Collected data
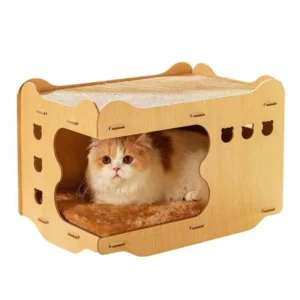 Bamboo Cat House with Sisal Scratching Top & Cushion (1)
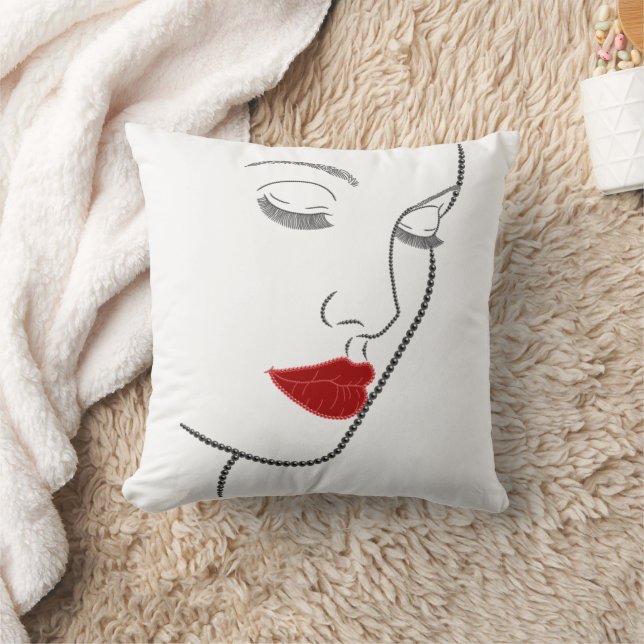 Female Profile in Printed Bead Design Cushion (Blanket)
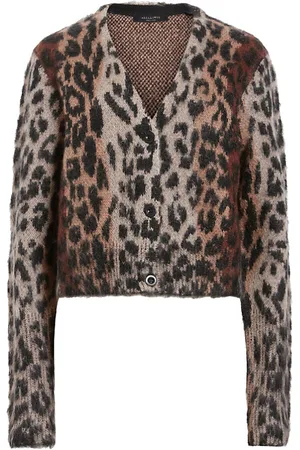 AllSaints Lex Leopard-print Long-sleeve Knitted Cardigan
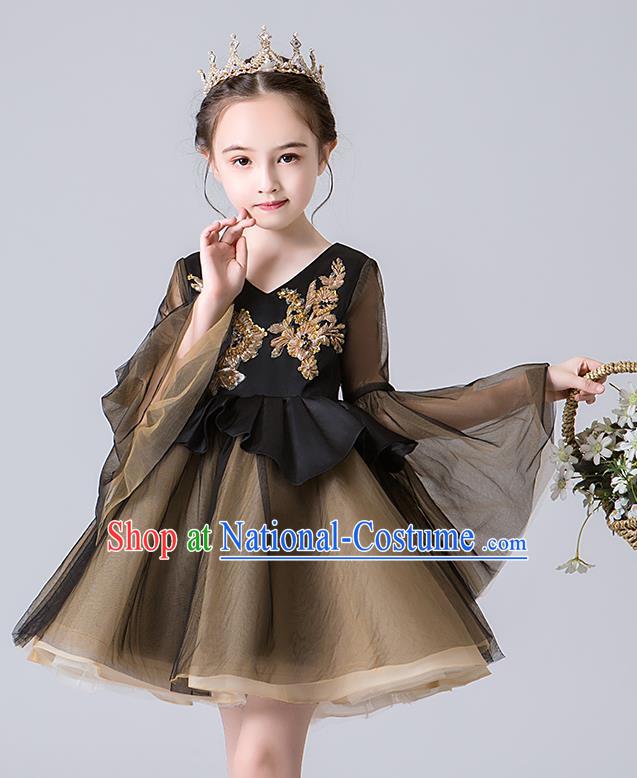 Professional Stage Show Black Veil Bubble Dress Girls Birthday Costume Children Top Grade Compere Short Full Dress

Work instruction
Nothing but the lines from the one containing "Female Profile in" through the end of the listing should be printed, each exactly as it appears and without pictures.

Response box
 Female Profile in Printed Bead Design Cushion (Blanket)
 AllSaints Lex Leopard-print Long-sleeve Knitted Cardigan
 Professional Stage Show Black Veil Bubble Dress Girls Birthday Costume Children Top Grade Compere Short Full Dress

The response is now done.